Assim como a outra estreia feminina estrangeira da semana (Jovens Amantes), Hot Milk não tem interesse em fazer surgir uma supernova no cinema mundial. Talvez o que esse filme queira seja ainda mais difícil do que realizar uma obra original e marcante, mas exatamente transformar a matéria-prima que tem em mãos em uma forma de comunicação sensorial. Mais do que as ações realizadas em cena, o filme parece interessar-se pelas reações de suas personagens, com centralização em sua protagonista, vivida por Emma Mackey (de Emily). É esse jogo de fina observação e os desdobramentos diante de uma mulher que tenta se libertar da História que constituem esse bonito desabrochar de um feminino que não precisa da resiliência para mostrar seu valor. 

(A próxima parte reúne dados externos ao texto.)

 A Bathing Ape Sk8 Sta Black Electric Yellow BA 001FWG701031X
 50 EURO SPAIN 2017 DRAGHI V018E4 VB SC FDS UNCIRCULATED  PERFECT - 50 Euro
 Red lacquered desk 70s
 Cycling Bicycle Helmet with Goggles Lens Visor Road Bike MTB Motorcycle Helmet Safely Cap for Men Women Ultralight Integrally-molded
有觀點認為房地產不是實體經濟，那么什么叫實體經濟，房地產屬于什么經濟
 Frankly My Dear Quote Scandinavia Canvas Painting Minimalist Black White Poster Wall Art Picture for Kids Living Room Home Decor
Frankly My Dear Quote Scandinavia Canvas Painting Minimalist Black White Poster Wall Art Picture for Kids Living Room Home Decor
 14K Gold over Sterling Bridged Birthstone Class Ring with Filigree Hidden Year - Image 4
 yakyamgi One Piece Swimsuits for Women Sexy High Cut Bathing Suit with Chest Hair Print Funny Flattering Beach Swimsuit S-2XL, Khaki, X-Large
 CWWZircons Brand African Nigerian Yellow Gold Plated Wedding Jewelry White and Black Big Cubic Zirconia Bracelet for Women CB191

Diante de um circuito cinematográfico muitas vezes desgastado em sua tentativa de criar algo, algo como Hot Milk parte de uma premissa simples (até simplória, de alcance ou representação) mas se vale de um processo de imersão no que conta. Passado em uma zona litorânea, o filme consegue exibir suas formas de controle cênico no pouco que é apresentado de novo. Passa então de uma comunicação descalibrada com os conceitos do feminino, para ler uma lógica absolutamente nova de tais códigos. Não há qualquer motivo para que suas intenções estejam em processo de ressignificação; isso é feito pelo brilhante elenco, e pela maneira tátil que os caminhos avançam em cena. 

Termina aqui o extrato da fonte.